**EXERCISE**
Quote every line from the top of the listing down to and including the line that contains "Close up of car".

**SUPPLIED INFORMATION**
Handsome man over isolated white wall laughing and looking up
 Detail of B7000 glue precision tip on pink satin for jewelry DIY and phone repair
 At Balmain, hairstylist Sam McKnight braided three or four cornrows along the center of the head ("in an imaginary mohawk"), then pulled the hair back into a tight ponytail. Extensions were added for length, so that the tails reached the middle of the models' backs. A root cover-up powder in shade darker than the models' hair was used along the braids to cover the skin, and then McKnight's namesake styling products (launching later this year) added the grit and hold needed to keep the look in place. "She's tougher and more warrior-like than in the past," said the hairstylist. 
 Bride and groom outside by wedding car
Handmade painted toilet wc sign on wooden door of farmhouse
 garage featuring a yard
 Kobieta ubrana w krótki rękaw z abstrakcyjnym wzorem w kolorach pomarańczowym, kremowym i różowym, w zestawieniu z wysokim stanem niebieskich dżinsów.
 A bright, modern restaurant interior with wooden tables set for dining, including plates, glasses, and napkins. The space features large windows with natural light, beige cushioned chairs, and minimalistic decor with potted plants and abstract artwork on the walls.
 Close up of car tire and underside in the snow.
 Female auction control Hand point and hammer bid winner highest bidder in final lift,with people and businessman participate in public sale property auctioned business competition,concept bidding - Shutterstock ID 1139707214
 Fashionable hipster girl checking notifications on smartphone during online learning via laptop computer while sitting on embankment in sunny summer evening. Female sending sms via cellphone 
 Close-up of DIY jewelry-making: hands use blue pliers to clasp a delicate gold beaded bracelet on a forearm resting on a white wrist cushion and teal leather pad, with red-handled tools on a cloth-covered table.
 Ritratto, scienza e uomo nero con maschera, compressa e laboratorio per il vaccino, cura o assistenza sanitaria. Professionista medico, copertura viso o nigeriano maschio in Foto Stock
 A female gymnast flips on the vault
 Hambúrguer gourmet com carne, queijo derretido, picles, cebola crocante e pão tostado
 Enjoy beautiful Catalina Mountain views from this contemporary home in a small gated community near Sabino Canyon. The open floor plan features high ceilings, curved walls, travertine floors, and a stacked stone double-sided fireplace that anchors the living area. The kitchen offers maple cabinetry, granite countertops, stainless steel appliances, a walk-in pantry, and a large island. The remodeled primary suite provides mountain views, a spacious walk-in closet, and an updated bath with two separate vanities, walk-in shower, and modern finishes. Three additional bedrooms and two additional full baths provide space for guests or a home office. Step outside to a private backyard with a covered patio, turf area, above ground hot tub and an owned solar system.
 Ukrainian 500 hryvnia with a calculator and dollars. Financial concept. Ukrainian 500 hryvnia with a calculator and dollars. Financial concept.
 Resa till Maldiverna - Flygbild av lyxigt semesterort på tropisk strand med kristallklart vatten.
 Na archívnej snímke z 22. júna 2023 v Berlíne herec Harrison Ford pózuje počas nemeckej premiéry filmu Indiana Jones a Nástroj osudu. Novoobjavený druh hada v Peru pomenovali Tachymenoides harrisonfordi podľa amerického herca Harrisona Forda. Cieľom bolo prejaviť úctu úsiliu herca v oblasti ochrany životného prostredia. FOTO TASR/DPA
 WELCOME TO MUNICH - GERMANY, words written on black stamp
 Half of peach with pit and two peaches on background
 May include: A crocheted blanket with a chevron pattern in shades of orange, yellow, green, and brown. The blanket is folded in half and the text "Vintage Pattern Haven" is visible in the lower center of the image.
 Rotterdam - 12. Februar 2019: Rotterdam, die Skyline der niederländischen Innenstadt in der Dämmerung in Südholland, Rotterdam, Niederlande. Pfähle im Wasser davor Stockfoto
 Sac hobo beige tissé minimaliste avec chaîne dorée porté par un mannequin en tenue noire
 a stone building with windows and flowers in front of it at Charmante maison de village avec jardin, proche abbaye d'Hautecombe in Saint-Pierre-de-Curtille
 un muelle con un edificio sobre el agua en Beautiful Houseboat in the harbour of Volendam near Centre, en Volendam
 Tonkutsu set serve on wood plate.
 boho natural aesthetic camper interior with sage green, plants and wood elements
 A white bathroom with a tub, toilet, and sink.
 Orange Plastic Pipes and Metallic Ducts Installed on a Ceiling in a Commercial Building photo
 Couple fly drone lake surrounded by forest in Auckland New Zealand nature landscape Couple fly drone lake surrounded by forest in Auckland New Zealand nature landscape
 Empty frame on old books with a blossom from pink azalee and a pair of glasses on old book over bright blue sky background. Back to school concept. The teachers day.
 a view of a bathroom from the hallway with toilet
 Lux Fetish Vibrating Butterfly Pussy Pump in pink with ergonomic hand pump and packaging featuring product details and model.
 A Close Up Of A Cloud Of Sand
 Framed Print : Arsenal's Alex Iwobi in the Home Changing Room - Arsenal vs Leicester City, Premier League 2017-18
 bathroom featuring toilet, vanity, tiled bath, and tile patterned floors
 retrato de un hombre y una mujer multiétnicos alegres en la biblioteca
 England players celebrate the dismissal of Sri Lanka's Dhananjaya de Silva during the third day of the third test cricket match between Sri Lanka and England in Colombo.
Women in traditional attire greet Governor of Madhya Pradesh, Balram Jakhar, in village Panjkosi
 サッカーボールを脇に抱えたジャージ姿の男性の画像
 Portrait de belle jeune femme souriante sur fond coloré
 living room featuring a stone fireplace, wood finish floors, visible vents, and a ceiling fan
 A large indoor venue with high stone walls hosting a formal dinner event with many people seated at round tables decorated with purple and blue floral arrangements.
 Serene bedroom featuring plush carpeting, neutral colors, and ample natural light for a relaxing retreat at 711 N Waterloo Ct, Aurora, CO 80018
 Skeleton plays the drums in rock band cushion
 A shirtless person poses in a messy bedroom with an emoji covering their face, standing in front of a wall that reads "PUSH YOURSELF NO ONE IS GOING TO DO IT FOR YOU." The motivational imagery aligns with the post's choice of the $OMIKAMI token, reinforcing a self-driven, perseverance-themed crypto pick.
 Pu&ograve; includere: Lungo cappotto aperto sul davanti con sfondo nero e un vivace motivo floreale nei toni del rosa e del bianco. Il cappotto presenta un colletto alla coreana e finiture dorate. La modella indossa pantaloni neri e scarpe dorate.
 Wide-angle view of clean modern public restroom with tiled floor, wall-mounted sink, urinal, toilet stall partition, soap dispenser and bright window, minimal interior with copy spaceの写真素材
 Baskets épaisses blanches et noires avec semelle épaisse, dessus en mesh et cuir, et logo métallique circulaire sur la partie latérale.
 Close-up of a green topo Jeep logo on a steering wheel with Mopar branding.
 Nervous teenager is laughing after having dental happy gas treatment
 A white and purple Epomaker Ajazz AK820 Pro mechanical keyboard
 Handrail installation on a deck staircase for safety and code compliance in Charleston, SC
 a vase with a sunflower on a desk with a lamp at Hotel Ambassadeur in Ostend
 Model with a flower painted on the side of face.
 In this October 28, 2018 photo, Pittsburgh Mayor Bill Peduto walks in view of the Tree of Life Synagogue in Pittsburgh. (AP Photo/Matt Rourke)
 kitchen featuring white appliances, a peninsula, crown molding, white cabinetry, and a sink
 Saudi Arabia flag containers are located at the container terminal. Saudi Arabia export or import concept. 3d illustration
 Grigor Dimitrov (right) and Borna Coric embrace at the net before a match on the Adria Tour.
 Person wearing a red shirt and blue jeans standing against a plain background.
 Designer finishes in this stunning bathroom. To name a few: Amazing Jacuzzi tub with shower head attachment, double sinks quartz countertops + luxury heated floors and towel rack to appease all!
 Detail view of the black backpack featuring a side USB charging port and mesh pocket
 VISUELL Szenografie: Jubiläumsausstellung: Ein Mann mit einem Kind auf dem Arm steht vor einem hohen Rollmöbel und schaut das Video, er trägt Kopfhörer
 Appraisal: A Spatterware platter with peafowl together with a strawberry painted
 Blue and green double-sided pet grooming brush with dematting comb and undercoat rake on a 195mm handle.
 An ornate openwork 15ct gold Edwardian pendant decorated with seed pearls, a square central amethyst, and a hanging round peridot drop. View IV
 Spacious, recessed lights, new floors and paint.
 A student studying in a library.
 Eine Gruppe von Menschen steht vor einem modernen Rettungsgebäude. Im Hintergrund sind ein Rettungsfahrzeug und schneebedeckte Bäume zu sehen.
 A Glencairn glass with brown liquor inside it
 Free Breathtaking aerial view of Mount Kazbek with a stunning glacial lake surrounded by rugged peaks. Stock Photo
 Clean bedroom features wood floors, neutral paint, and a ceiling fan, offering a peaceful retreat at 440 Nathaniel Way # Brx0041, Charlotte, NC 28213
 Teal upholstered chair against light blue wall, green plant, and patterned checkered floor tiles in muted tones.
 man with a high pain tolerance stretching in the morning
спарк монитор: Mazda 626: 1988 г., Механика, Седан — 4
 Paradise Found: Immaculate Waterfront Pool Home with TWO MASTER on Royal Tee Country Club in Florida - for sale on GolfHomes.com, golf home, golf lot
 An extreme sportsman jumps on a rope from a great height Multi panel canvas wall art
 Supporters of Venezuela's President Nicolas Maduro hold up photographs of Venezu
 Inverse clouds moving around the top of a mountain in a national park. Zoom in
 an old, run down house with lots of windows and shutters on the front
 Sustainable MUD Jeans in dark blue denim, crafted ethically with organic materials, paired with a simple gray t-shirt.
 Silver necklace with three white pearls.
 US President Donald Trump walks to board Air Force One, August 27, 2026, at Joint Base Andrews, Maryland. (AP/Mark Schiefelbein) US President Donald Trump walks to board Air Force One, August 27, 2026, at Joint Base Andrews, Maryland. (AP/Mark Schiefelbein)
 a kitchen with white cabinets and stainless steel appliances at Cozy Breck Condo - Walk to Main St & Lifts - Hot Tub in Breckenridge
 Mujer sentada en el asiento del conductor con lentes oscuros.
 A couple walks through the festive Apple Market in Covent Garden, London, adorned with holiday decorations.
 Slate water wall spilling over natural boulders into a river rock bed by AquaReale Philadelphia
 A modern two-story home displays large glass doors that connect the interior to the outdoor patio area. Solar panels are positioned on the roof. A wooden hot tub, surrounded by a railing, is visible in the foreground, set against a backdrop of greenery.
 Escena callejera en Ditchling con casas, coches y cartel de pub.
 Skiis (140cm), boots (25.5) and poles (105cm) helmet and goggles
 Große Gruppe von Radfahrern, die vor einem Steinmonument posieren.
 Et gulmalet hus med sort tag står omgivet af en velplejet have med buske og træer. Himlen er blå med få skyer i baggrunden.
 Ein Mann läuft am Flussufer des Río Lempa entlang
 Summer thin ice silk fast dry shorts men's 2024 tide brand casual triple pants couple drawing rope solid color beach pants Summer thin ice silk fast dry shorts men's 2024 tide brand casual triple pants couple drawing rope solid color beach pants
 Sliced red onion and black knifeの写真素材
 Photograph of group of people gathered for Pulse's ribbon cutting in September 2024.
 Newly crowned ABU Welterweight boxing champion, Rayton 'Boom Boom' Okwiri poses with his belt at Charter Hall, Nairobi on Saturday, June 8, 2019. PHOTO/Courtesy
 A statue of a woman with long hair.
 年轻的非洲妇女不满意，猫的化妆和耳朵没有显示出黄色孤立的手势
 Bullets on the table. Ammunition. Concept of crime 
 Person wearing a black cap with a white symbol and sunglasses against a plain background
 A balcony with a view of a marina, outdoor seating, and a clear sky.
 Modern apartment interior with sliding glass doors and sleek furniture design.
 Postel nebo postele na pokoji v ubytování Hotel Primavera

**RESPONSE**
Handsome man over isolated white wall laughing and looking up
 Detail of B7000 glue precision tip on pink satin for jewelry DIY and phone repair
 At Balmain, hairstylist Sam McKnight braided three or four cornrows along the center of the head ("in an imaginary mohawk"), then pulled the hair back into a tight ponytail. Extensions were added for length, so that the tails reached the middle of the models' backs. A root cover-up powder in shade darker than the models' hair was used along the braids to cover the skin, and then McKnight's namesake styling products (launching later this year) added the grit and hold needed to keep the look in place. "She's tougher and more warrior-like than in the past," said the hairstylist. 
 Bride and groom outside by wedding car
Handmade painted toilet wc sign on wooden door of farmhouse
 garage featuring a yard
 Kobieta ubrana w krótki rękaw z abstrakcyjnym wzorem w kolorach pomarańczowym, kremowym i różowym, w zestawieniu z wysokim stanem niebieskich dżinsów.
 A bright, modern restaurant interior with wooden tables set for dining, including plates, glasses, and napkins. The space features large windows with natural light, beige cushioned chairs, and minimalistic decor with potted plants and abstract artwork on the walls.
 Close up of car tire and underside in the snow.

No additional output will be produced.